== Input data ==

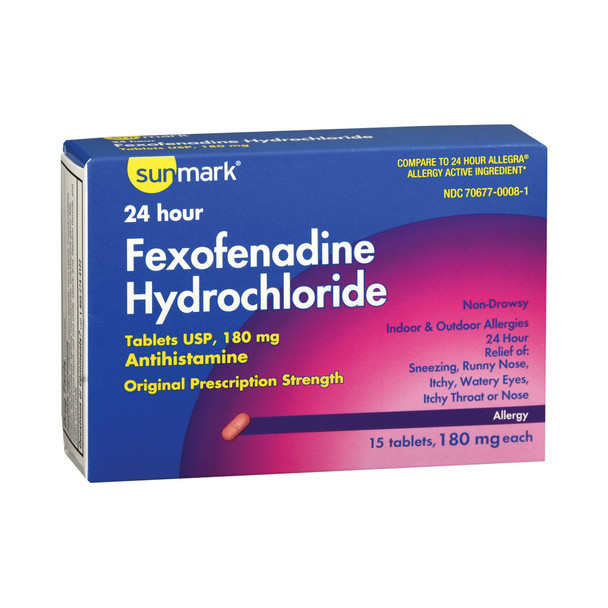 sunmark Fexofenadine Allergy Relief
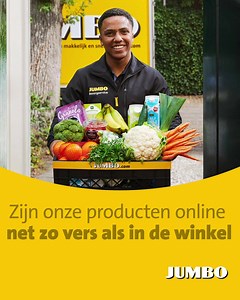Wij vinden dat alleen het beste goed genoeg is. Daarom zijn alle verse producten die je bij Jumbo bestelt net zo vers als in de winkel. Al je boodschappen thuisbezorgd, met Jumbo. | Jumbo Supermarkten
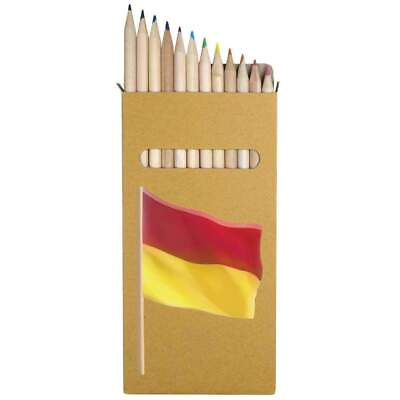 #ad 12 x #x27;Beach Lifeguard Flag#x27; Long Colour Pencils PE00022864 GBP 4.99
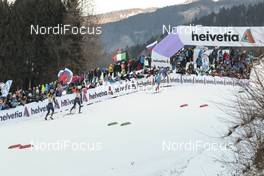 07.01.2017, Val di Fiemme, Italy (ITA): Athletes during one of the climbs in Val di Fiemme (l-r)  - FIS world cup cross-country, tour de ski, mass women, Val di Fiemme (ITA). www.nordicfocus.com. © Modica/NordicFocus. Every downloaded picture is fee-liable.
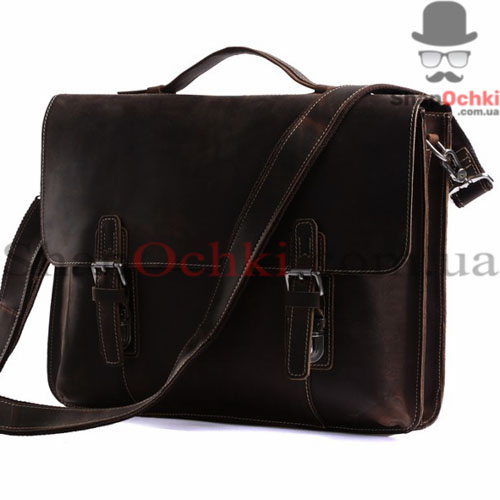 Портфель чоловічий Tiding Bag 7035R,  шкіра,  темно-коричневий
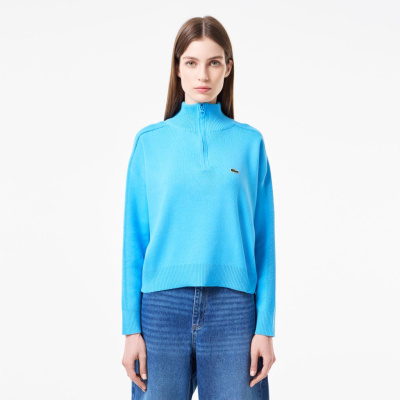 Женский свитер Lacoste свободного кроя на молнии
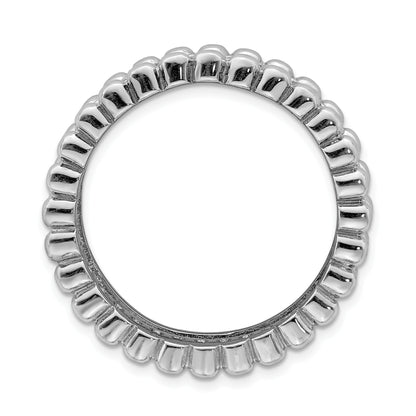 Sterlingsilber Rhodiniert Zirkonia Ring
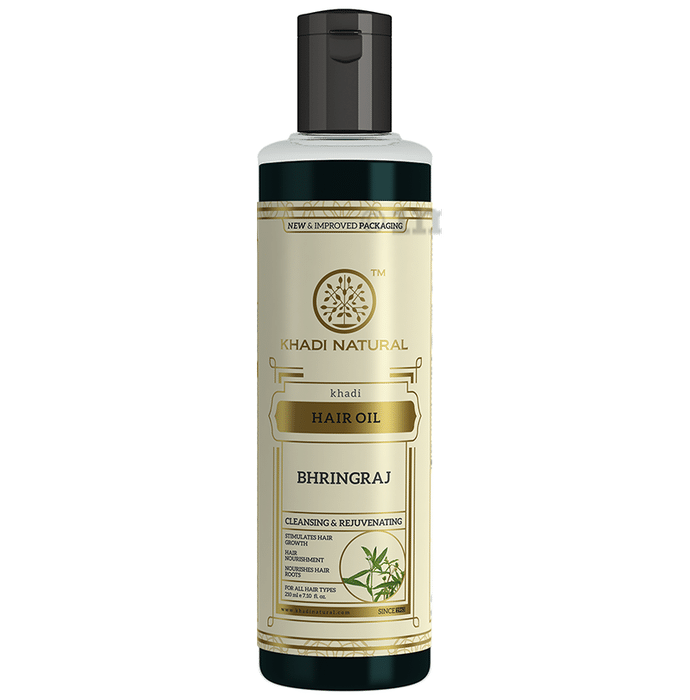 Khadi Naturals Ayurvedic Bhringraj Hair Oil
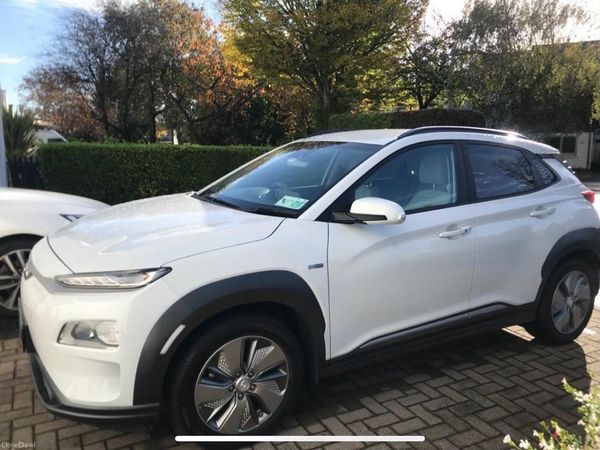 Hyundai KONA MPV, Electric, 2021, White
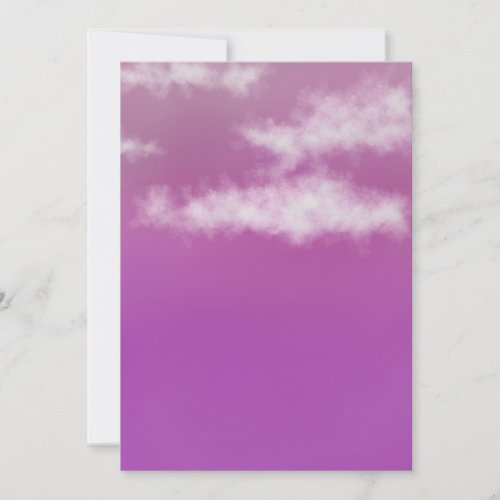 Violet Red Sky Holiday And Invitations Card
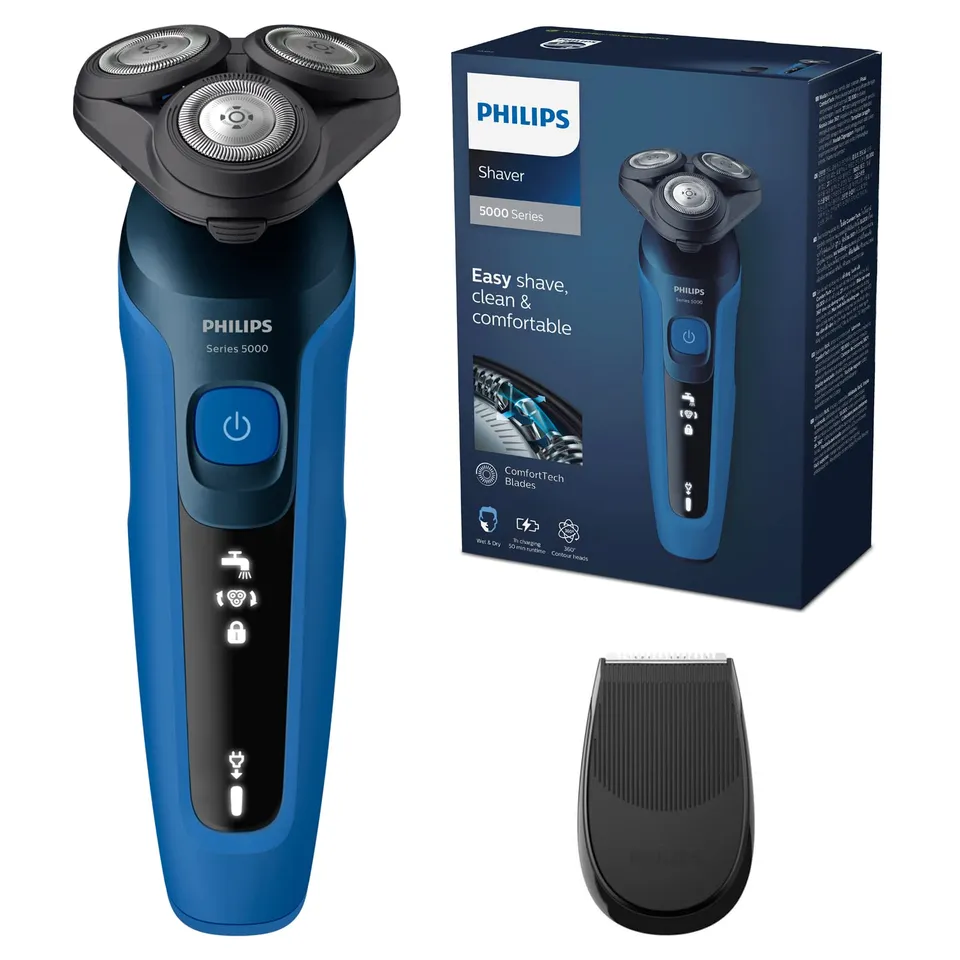 philips-s5466-18-rasoio-elettrico-serie-5000-pelle-bagnata-e-asciutta-lame-comfo image 1
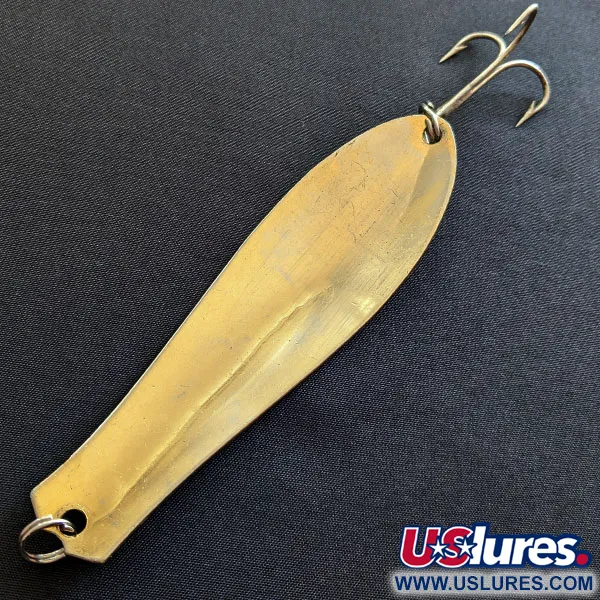 Vintage  Prescott Spinner Big Doctor 285, 1oz nickel/gold fishing spoon #19349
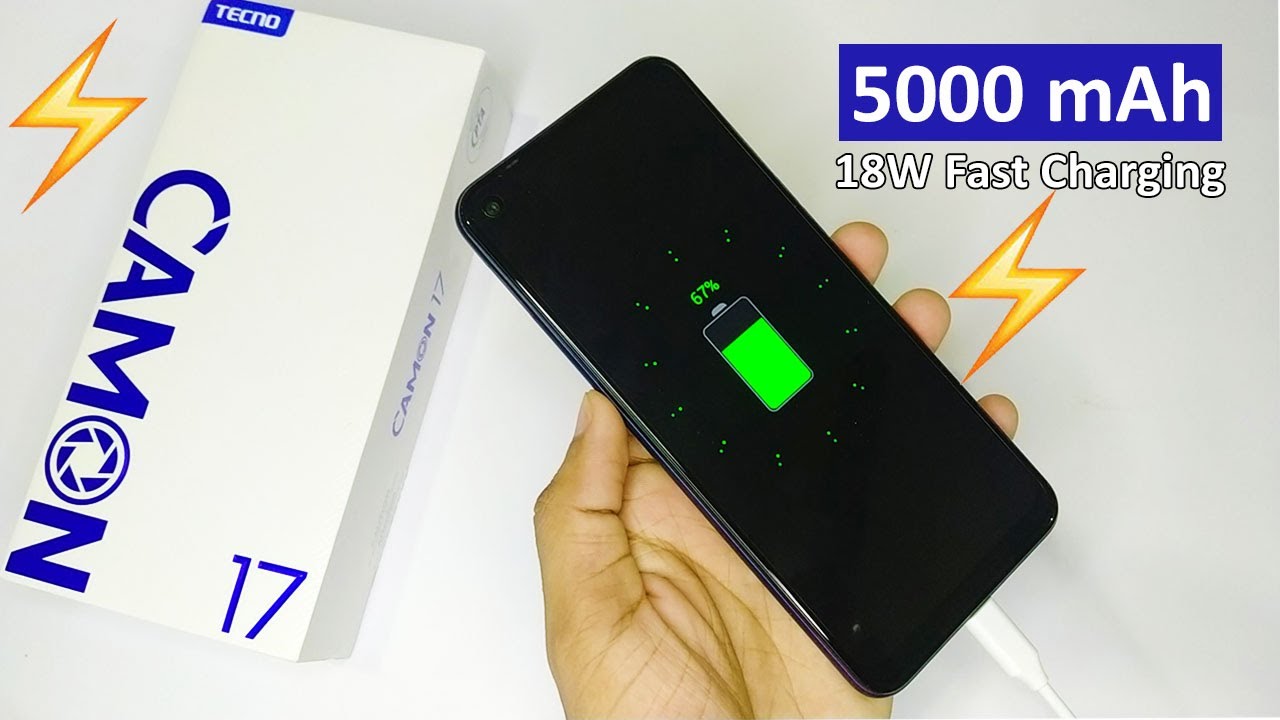Tecno Camon 17 5000 mAh Battery 18W Fast Charging Test 🔋 | Phonebolee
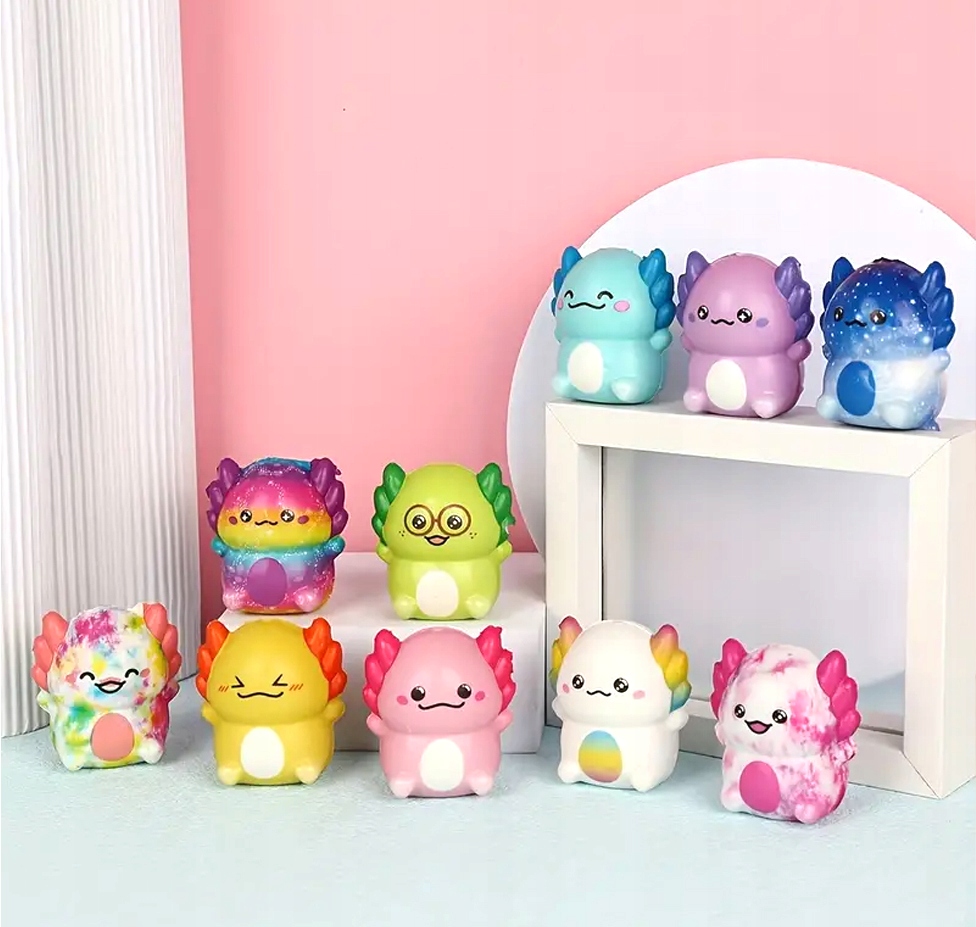 Stawscy antistresinis squishy Aksolotl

===

Prompt:
Your response should consist solely of the lines from the line with "07.01.2017, Val di" through the last line of the entries above, printed exactly and without pictures.

Written response:
 07.01.2017, Val di Fiemme, Italy (ITA): Athletes during one of the climbs in Val di Fiemme (l-r)  - FIS world cup cross-country, tour de ski, mass women, Val di Fiemme (ITA). www.nordicfocus.com. © Modica/NordicFocus. Every downloaded picture is fee-liable.
 Портфель чоловічий Tiding Bag 7035R,  шкіра,  темно-коричневий
 Женский свитер Lacoste свободного кроя на молнии
 Sterlingsilber Rhodiniert Zirkonia Ring
 Khadi Naturals Ayurvedic Bhringraj Hair Oil
 Hyundai KONA MPV, Electric, 2021, White
 Violet Red Sky Holiday And Invitations Card
 philips-s5466-18-rasoio-elettrico-serie-5000-pelle-bagnata-e-asciutta-lame-comfo image 1
 Vintage  Prescott Spinner Big Doctor 285, 1oz nickel/gold fishing spoon #19349
Tecno Camon 17 5000 mAh Battery 18W Fast Charging Test 🔋 | Phonebolee
 Stawscy antistresinis squishy Aksolotl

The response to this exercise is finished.